Louis Rolfe (born 21 July 1997) is a British Paralympic track cyclist competing in C2 classification events. Rolfe came to note as a cyclist during the 2016 UCI Para-cycling Track World Championships where he was part of the gold medal-winning British team sprint event along with fellow cyclists Jon-Allan Butterworth and Jody Cundy.

==Personal history==
Rolfe was born in 1997 in Cambridge, England. He was born ten weeks premature and has cerebral palsy and hydrocephalus. He attended Coleridge Community College and Parkside Community College from 2008 to 2013.

==Cycling career==
Rolfe was inspired to take up para-sport after being inspired by the events of the 2012 Summer Olympics and Paralympics in London. In December 2012 he attended a para-festival where he was tested by Great Britain Cycling Team coaches. Rolfe was subsequently accepted onto the British Para-cycling Development Programme. He was classified as a C2 classification cyclist and was part of the Great Britain team at the 2015 Newport Para-cycling International. In Newport he won a silver as part of the men's team sprint and a bronze in the 3 km sprint, and was selected to represent his country at the 2015 UCI Para-cycling Track World Championships in Apeldoorn in the Netherlands.
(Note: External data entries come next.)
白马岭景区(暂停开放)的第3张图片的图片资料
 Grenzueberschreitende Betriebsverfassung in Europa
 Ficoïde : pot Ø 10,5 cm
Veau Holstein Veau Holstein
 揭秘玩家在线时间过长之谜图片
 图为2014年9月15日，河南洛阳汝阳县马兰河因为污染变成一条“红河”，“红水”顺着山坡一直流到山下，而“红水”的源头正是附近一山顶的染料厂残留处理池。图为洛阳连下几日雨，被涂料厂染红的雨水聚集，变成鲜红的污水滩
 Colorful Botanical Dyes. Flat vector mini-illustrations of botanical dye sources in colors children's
The World Championships provided experience for Rolfe and he finished fifth as a part of the team sprint, seventh in the 1 km time trial and 10th in the individual pursuit.

In 2016, in the buildup to the Rio Paralympics, Rolfe represented Britain at his second Track World Championships, this time in Montichiari. Rolfe entered both the individual pursuit and the time trial, winning a bronze medal in the latter. Originally he was not part of the Team sprint as the line-up was intended to be Jon-Allan Butterworth, Kadeena Cox and Jody Cundy, but prior to the Championship Cox was reclassified and Rolfe was brought in as a late replacement. Despite never having raced together, the three posted a final time of 49.268 to win the gold and set a new world record time.

In August 2016 Rolfe was named as part of the Great Britain team for the 2016 Summer Paralympics.
In September 2016 at the Rio Paralympics Louis won bronze in the individual pursuit 3000m in the C2 class and gold in the 750m team sprint C1-C5 with Jon-Allan Butterworth and Jody Cundy in a world record time of 48.635 Seconds having already posted the previous record in qualifying.

On 31 December 2016 Rolfe was appointed Member of the Order of the British Empire (MBE) in the 2017 New Year Honours List for services to cycling.